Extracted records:

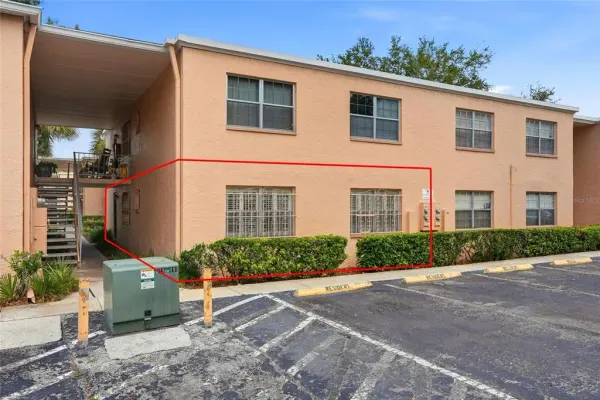 4715 Christa Court, Unit 335, Tampa, FL, 33614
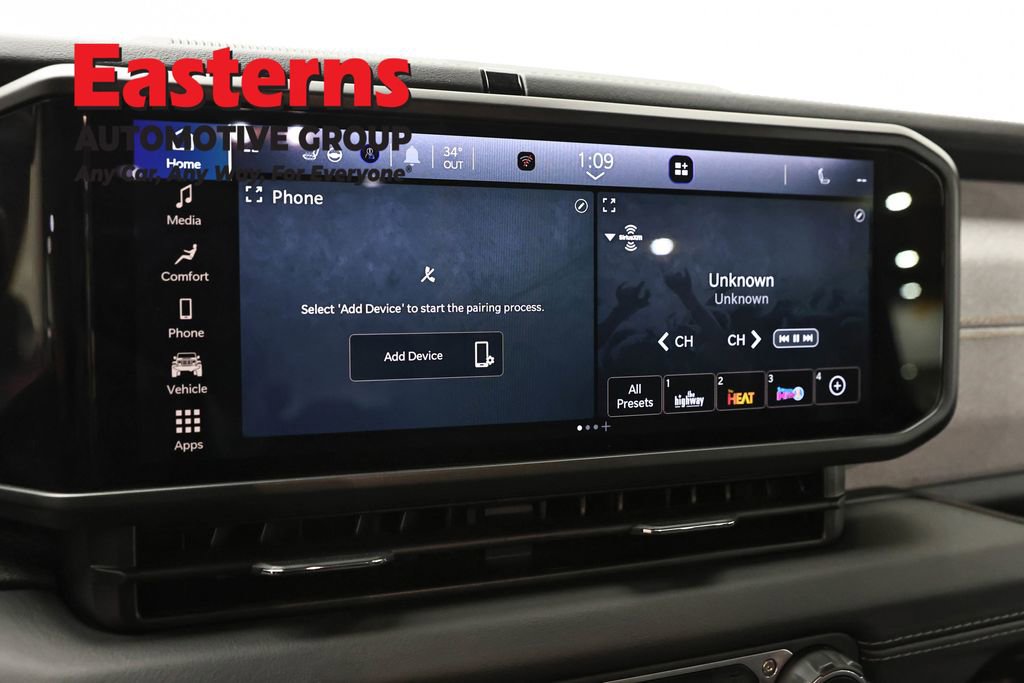 Used 2025 Jeep Wrangler Unlimited Sahara w/ Safety Group image 18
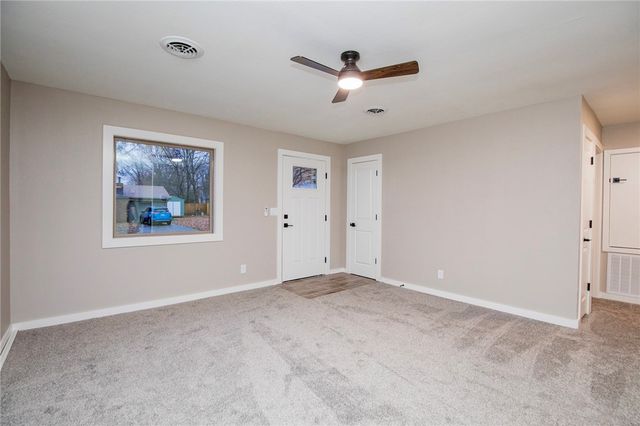 221 E Adobe Street, Fayetteville, AR 72703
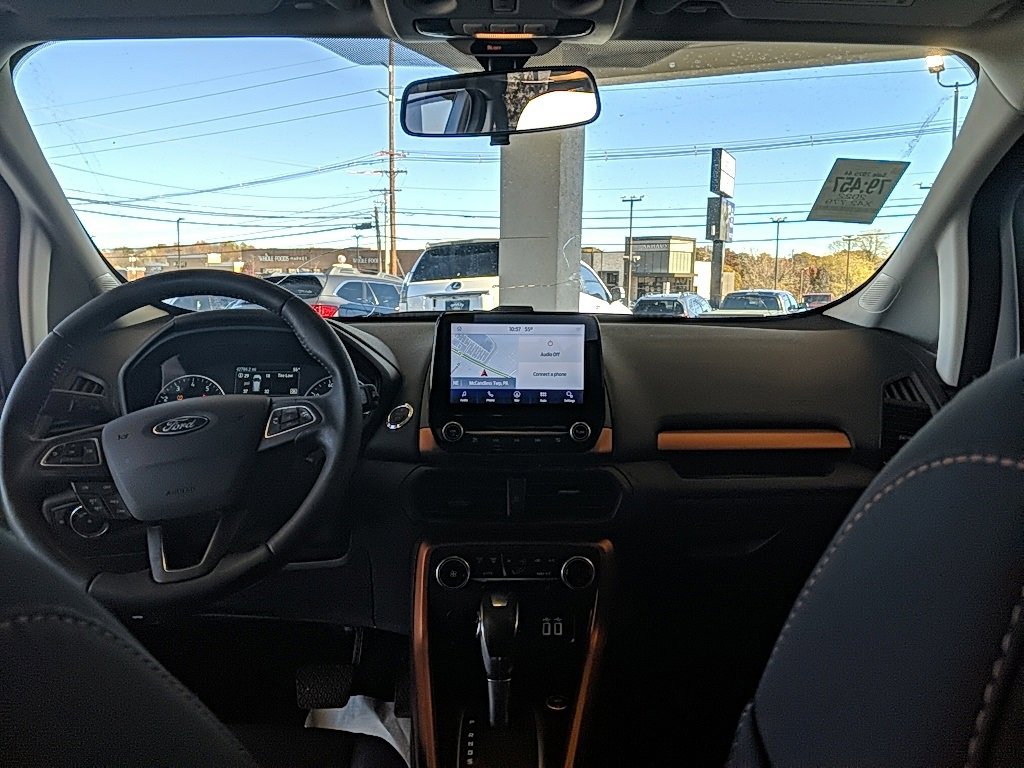 Used 2022 Ford EcoSport SE w/ SE Convenience Package image 13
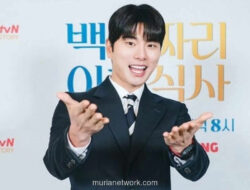 Lee Yi Kyung Tuang Isi Hati di Panggung AAA, Warganet Soroti Nama yang Hilang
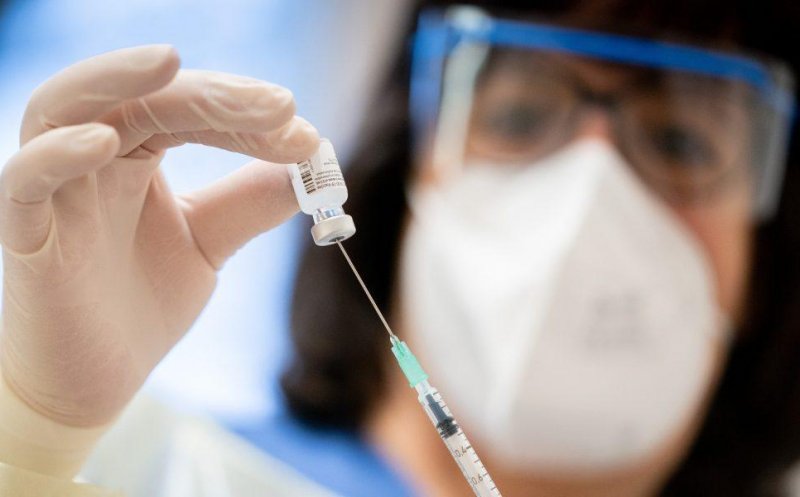 Centrele de vaccinare rămase fără personal din cauza redeschiderii școlilor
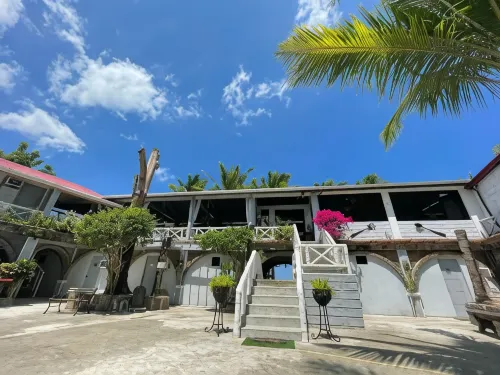 Sunbloom Beachfront Hotel and Restaurant Zambales فنادق في Candelaria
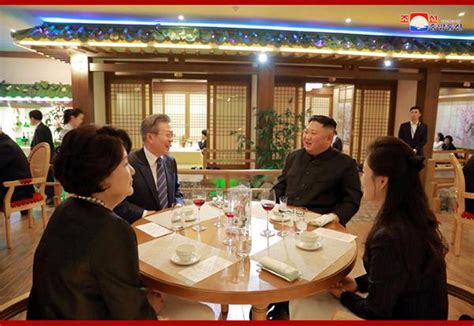 朝鲜媒体：俄罗斯大使馆向金正恩赠花篮，纪念其访俄1周年|金正恩|朝鲜_新浪新闻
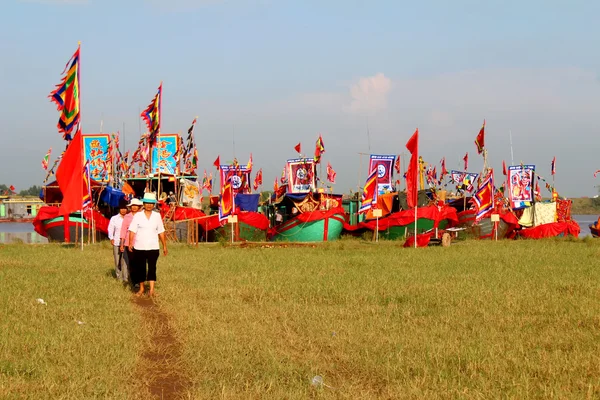 HAI DUONG, VIETNAM, SYYSKUU, 10: Perinteinen vene — kuvapankkivalokuva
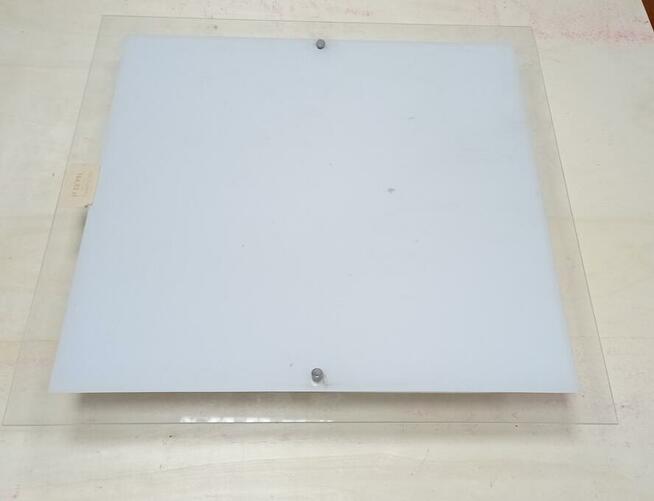 Wyprzedaż lamp po likwidacji sklepu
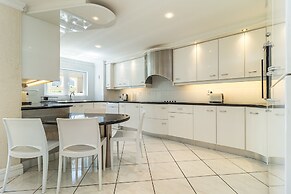 Beachfront Villa, Beach Club, Houtbay, Cape Town, South Africa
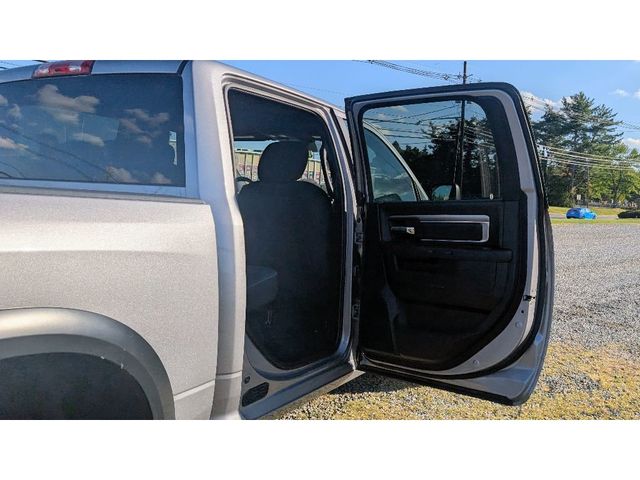 2024 Ram 1500 Classic Warlock 4x4 Crew Cab 5'7" Box - 22919509 - 11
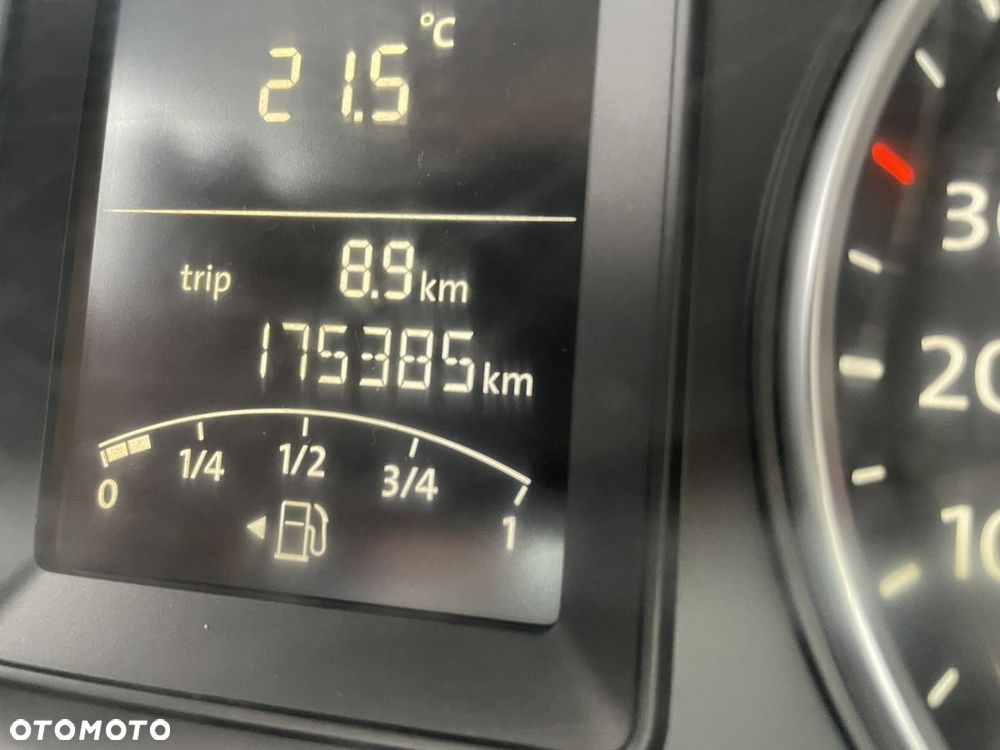 Volkswagen Transporter - 18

> **Instructions for the task**
In the entries above, which lines run from the one with "Used 2022 Ford" up to and including the one with "Centrele de vaccinare"? Write them out exactly, without the pictures.

> **The answer**
 Used 2022 Ford EcoSport SE w/ SE Convenience Package image 13
 Lee Yi Kyung Tuang Isi Hati di Panggung AAA, Warganet Soroti Nama yang Hilang
 Centrele de vaccinare rămase fără personal din cauza redeschiderii școlilor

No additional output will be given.